After "AI": Anticipating a post-LLM science and technology revolution

2 pointsposted a month ago
by adityaathalye

8 Comments

throwawayffffas

a month ago

A thought occurs. GPUs have a limited lifespan. Gpus die after 1-3 years of use.[1] Just in time to train an LLM or two. The data centers themselves without the GPUS is like 40% of the cost from what I hear. In 3 years from now when the boom ends, they are going to be empty warehouses, with very good networking and cooling.

[1]. https://ithy.com/article/data-center-gpu-lifespan-explained-...

adityaathalye

a month ago

True, they burn through GPUs. However, I wonder what the actual curve looks like... what fraction of total GPU capacity is getting maxed out, to the 3 year "burned to crisp" threshold. Training is harsher than inference is harsher than speculative capacity-hoarding (because, competition).

Even after that, what does a "burned out" GPU look like. Is it a total bust, or is still usable at... say, 25% capacity for "consumer type applications"?

Thank you for that GPU lifespan explanation... taught me a thing or two today.

throwawayffffas

a month ago

> Even after that, what does a "burned out" GPU look like. Is it a total bust, or is still usable at... say, 25% capacity for "consumer type applications"?

From what a hear it's a mix, of completely dead to degraded performance.

> Training is harsher than inference is harsher than speculative capacity-hoarding (because, competition).

I have heard over 70% quoted used for training, and like 5% for general purpose inference and the rest for code generation. But don't quote me on these numbers, I don't recall the sources. One has to assume that some capacity is also used for traditional high performance computing.

adityaathalye

a month ago

Still, I do wonder about the GPU manufacturing capacity upstream of datacenters, even though it grows relatively slowly. I suppose NVIDIA's order book is booked solid a few years out.

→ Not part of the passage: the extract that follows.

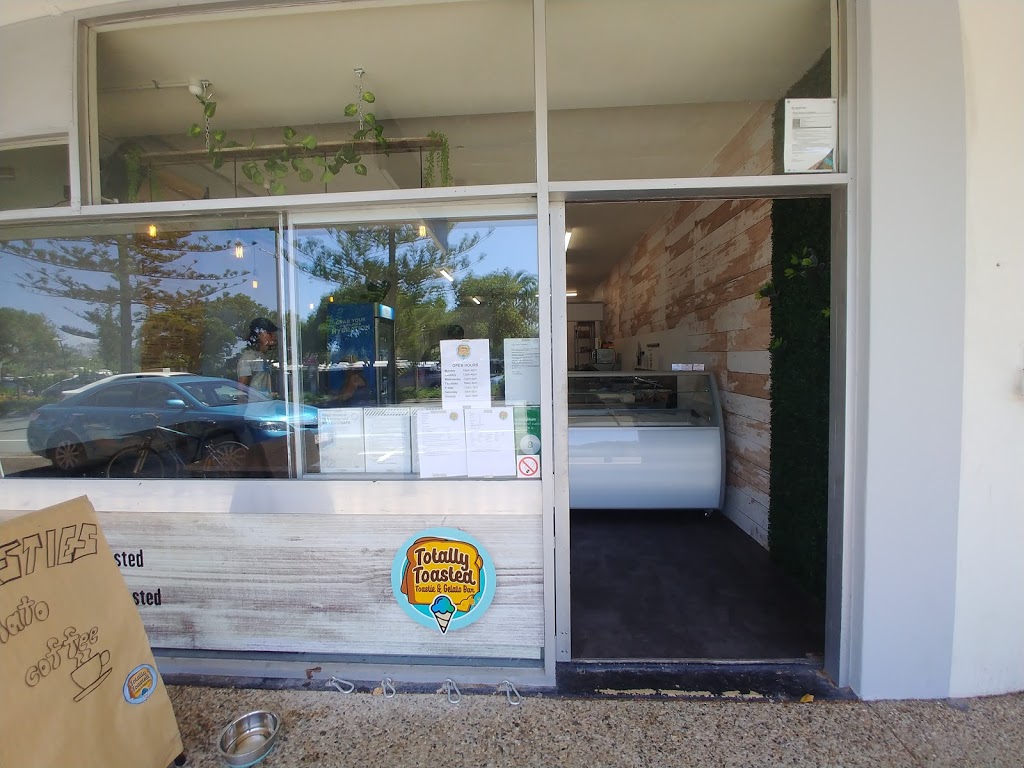 Totally Toasted -Toastie And Gelato Bar | Shop 2/14 Beerburrum St, Dicky Beach QLD 4551, Australia | Phone: 0492 931 049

However, capacity that they add can't just be repurposed / retooled for other use cases.

What could substitute LLM demand, if the LLM/AI business contracts rapidly?

adityaathalye

a month ago

Educated guesstimates are worth a lot. Thank you for the stats!

adityaathalye

a month ago

Another factor... They built it, and we didn't come.

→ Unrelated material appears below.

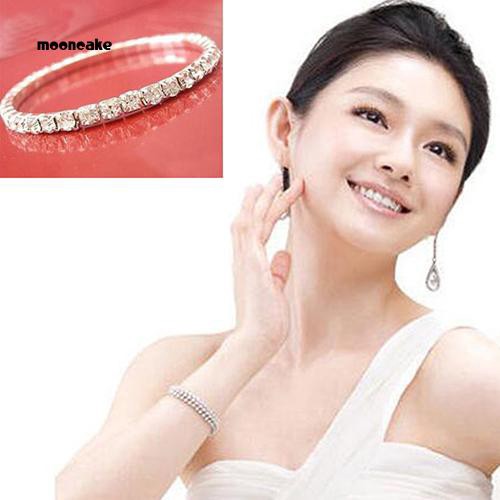 Vòng tay mạ bạc đính đá xinh xắn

Groq investor sounds alarm on data centers (axios.com)

  32 points by giuliomagnifico 2 hours ago | 21 comments
https://news.ycombinator.com/item?id=46432791

> Venture capitalist Alex Davis is "deeply concerned" that too many data centers are being built without guaranteed tenants, according to a letter being sent this morning to his investors.

> [snip]

> What he's saying: "The 'build it and they will come' strategy is a trap. If you are a hyperscaler, you will own your own data centers. We foresee a significant financing crisis in 2027–2028 for speculative landlords."

fuzzfactor

a month ago

>Could a "GPUs too cheap to meter" phase—say, about a decade, up to 2040—remarkably speed up cycle times of traditional deterministic modeling / simulation type workloads.

Seems to me for it to really go wild the bottleneck to overcome would need to include GPU experts too cheap to meter also.

adityaathalye

a month ago

The people assembling GPU boxen would need work. Big Datacenter will likely turn off the power and evict those human cost centers, as a first step toward asset liquidation. Which is why I hope that occurrence feeds forward into a glorious SME business boom. e.g. Nokia's mobile telephony self-own by the end of the aughts was both sad and great for Finland; hurting national pride at one end and fuelling their high tech startup scene, exactly due to losing experts to attrition and entrepreneurship.